= Rage Magazine =

Defunct Canadian urban lifestyle magazine

Rage Magazine was a free urban magazine and the first issue was released in mid-2006. The magazines print-run increased from 10,000 to 80,000 copies, and was found across Canada and the US. Rage was an edgy street magazine with the size format of 9×10", the magazines content was mainly on music and fashion. The magazine had a column by George Jung and collaborator Melissa Auf der Maur. The magazine was free and driven by advertising and campaigns and at from 2006–2008 had the biggest circulation of a free magazine in North America, this because no other free magazines were releasing 80,000 free copies in each country, Canada and the United States. Nathan Munn was Editor-In-Chief.

==History==
Rage Magazine was founded by Max D Heston, Nelson Dias, Kris Branch in 2006 in a loft of Max D Heston's; the magazine took off and went national within a year. New investors and publishers of The Scope tourist magazine, Sebastien Le Montagner and Sylvain Gelinas then bought into the company for $450,000.00. This led to a creative differences between all partners and Max D Heston tried to leave, but with no one to buy his shares he stayed with the company.

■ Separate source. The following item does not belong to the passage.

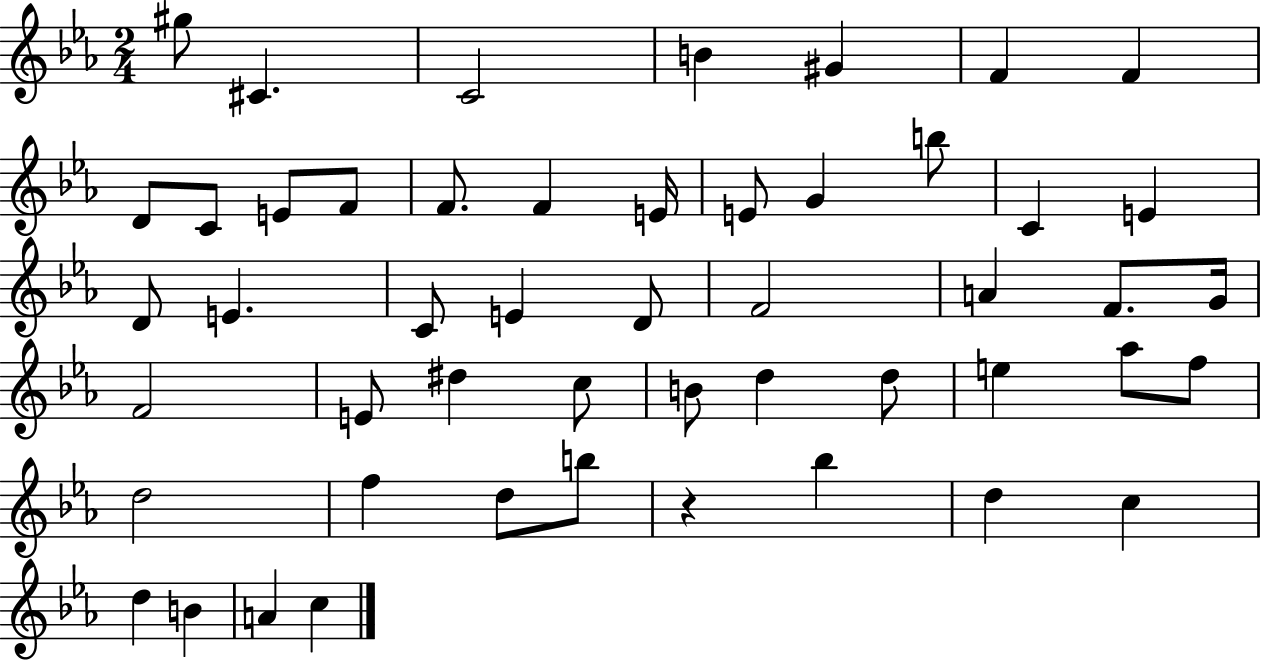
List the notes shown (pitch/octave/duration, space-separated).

G#5/e C#4/q. C4/h B4/q G#4/q F4/q F4/q D4/e C4/e E4/e F4/e F4/e. F4/q E4/s E4/e G4/q B5/e C4/q E4/q D4/e E4/q. C4/e E4/q D4/e F4/h A4/q F4/e. G4/s F4/h E4/e D#5/q C5/e B4/e D5/q D5/e E5/q Ab5/e F5/e D5/h F5/q D5/e B5/e R/q Bb5/q D5/q C5/q D5/q B4/q A4/q C5/q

In 2008 shares from Nelson Dias, Sebastien Le Montagner and Sylvain Gelinas were bought by Dubai entrepreneur Fadi Ajjaoui, making Max D Heston and Ajjaoui the only shareholders. Later in 2009 the magazine was discontinued due to creative differences between the two remaining partners.

In March 2010 in an interview with Max D Heston with a McGill University student he stated, "It would be a shame to just kill the magazine, we had zero debt and it was going strong though just tough when you don't get on well with your partners. So we decided to drop it and move on. We may release some special editions of Rage one day if me and Fadi can bring ourselves around to talking to each other again." He also stated " I think the print business is done for now, I mean I will always love magazines though I think its time to move on to more fiction and films".

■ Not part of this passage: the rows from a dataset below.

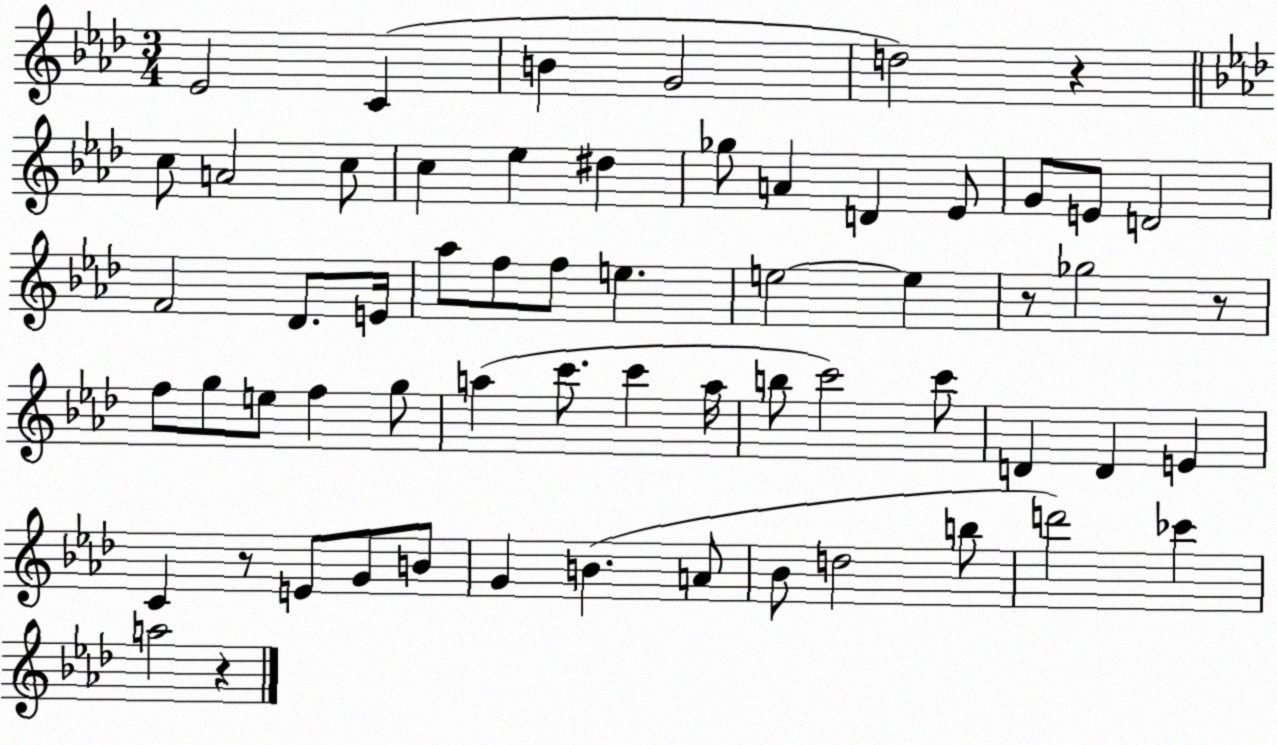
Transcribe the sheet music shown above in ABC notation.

X:1
T:Untitled
M:3/4
L:1/4
K:Ab
_E2 C B G2 d2 z c/2 A2 c/2 c _e ^d _g/2 A D _E/2 G/2 E/2 D2 F2 _D/2 E/4 _a/2 f/2 f/2 e e2 e z/2 _g2 z/2 f/2 g/2 e/2 f g/2 a c'/2 c' a/4 b/2 c'2 c'/2 D D E C z/2 E/2 G/2 B/2 G B A/2 _B/2 d2 b/2 d'2 _c' a2 z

Rage Magazine released over one million free copies from 2006–2008.

In 2009 The Best Of Rage Magazine was released and sold for US$45.00 on the Rage website with a limited run of 30,000 for sale.

2009 Max D Heston left Rage to start Street Carnage Magazine with ex Vice magazine founder Gavin McInnes after he left the company.

In mid-2011 a smaller pocket book run of Rage Magazine was released for the festivals Osheaga and Coachella. Max D Heston quoted when asked, "You have to whore yourself out now and again, and this is the time to do so".

In 2011 it was announced that Ruckenstein Media would release the magazine changing its name and format slightly to Rage TV, none of the original founders will be part of this new venture.

In 2016 Rage was bought back by its original founder.

In 2017 Rage TV was re-launched which focuses on interviews, documentaries and films.

==Notable content==
In 2017 for the relaunch of Rage, founder Max D Heston interviewed Liam Gallagher at Osheaga music festival. The interview touched upon on drugs and the legalization of marijuana in Canada and the United States.

==Reception==
Issue 5 was nominated for Best Cover at the 2007 Grands Prix in Quebec.